When you know that this film is based on the novel by Franz Kafka, a lot about this movie begins to make sense. It is an abstract, menacing, and tense film about a man (Anthony Perkins) who is detained and put on trial without ever knowing of what he is being accused. Welles called this his best film, despite its reception being largely mixed at the time of its release. Predictably, this arthouse film did better in Europe than it did in the US. Welles made this movie on weekends while he was on vacation, improvised many of the scenes on location, and personally dubbed the dialogue for eleven actors – reportedly including a few of Perkins’ lines. It seemed to be a real passion project and certainly outside the scope of Hollywood. Opinion today has shifted from the mixed reviews to more of a general consensus, regarding this film as one of the masterpieces of cinema.
The War of the Worlds (radio drama)
Welles’ Mercury Theatre did a lot of creative and imaginative things on stage, but one of their most legendary performances took place over the radio. Welles adapted H.G. Wells’ sci-fi story about invaders from space into a series of news reports and radio broadcasts, performing this adaptation for radio. Had listeners tuned in at the beginning of the broadcast, they would have known the performance for what it was. Legend has it, though, that a few listeners tuned in a little late and though the reports of space invaders were real. Considering that this was October of 1938 and that tensions over WWII were high, the panic that ensued can perhaps be more understandable. Even so, the effect The War of the Worlds had on the public cemented Orson Welles as a master dramatist and a legendary figure.

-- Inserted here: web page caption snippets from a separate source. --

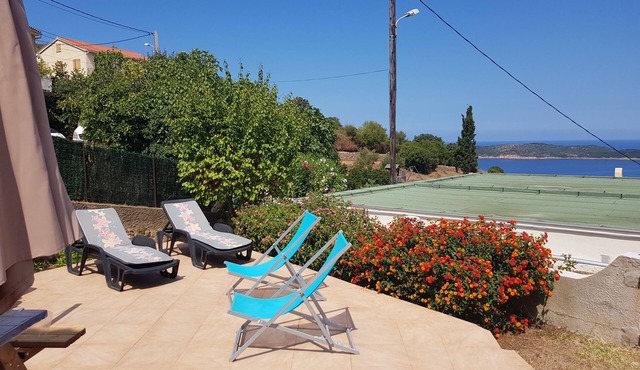 Pretty detached house, 3*, 3 bedrooms with terraces, overlooking the beach.
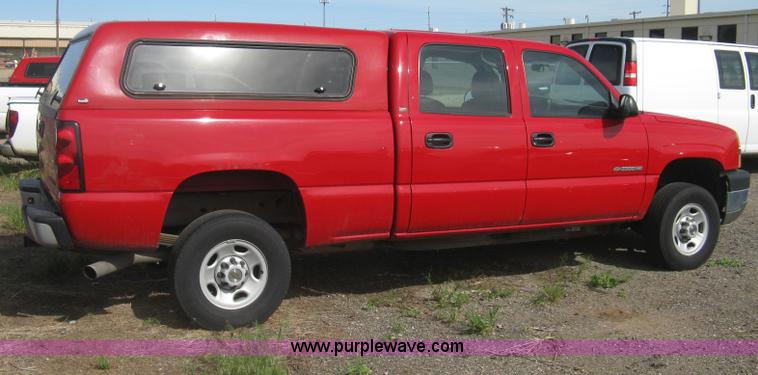 image for item G8272 2004 Chevrolet Silverado 2500HD Crew Cab pickup truck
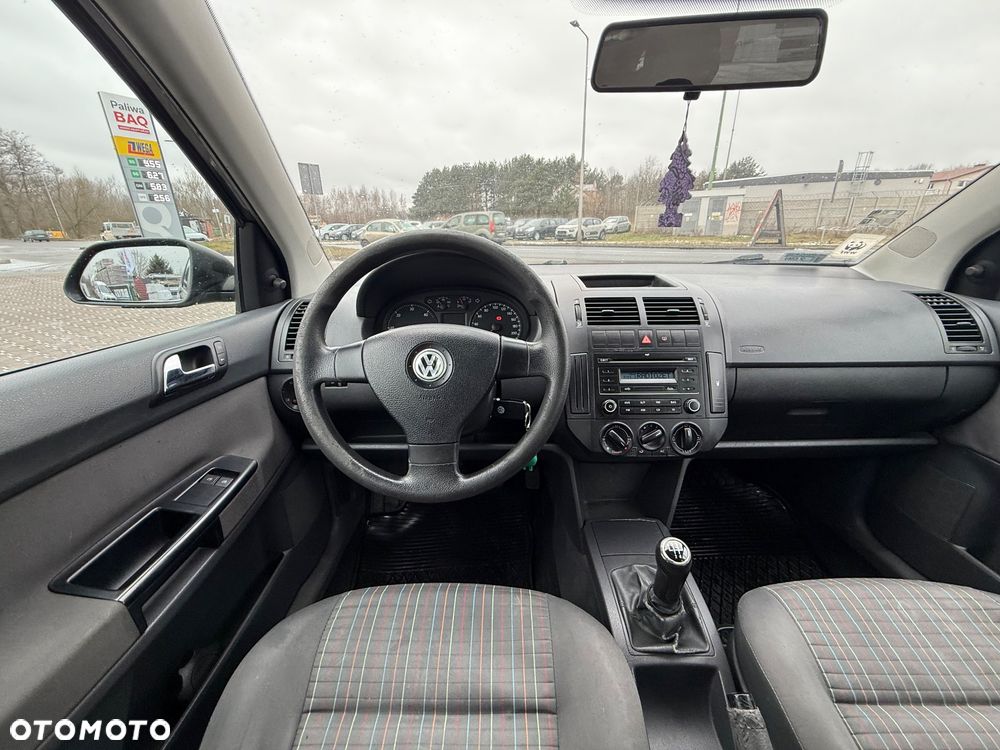 Volkswagen Polo 1.4 TDI Goal - 24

This was originally meant to be a film starring Charles Chaplin and directed by Orson Welles, but the famously controlling Chaplin felt uncomfortable performing under anyone else’s direction but his own. So Chaplin bought the script – written by Welles – made some changes and directed it himself. In the end, Chaplin credited Welles merely with the idea for the story, taking credit for the rest himself. Welles apparently shrugged it off, saying that the changes made were substantial enough to merit an idea credit. In any case, Monsieur Verdoux is one of Chaplin’s more unusual films, telling the story of a serial killer who marries and then murders women in order to inherit their money and support his real wife and child. The story certainly seems more like something out of Welles’ mind than of Chaplin’s – a comedy of murders – but the moral reeks of Chaplin: “One murder makes a villain; millions a hero.” One can’t help but wonder what Welles’ Monsieur Verdoux would have been like. He thought that his would have been a better film, considering Chaplin to be merely competent as a director – which I think is a fair statement to make. There really is nothing extraordinary or innovative about Chaplin as a director, but he knew how to get a movie made and how best to capture his own performances – which is all Chaplin ever needed.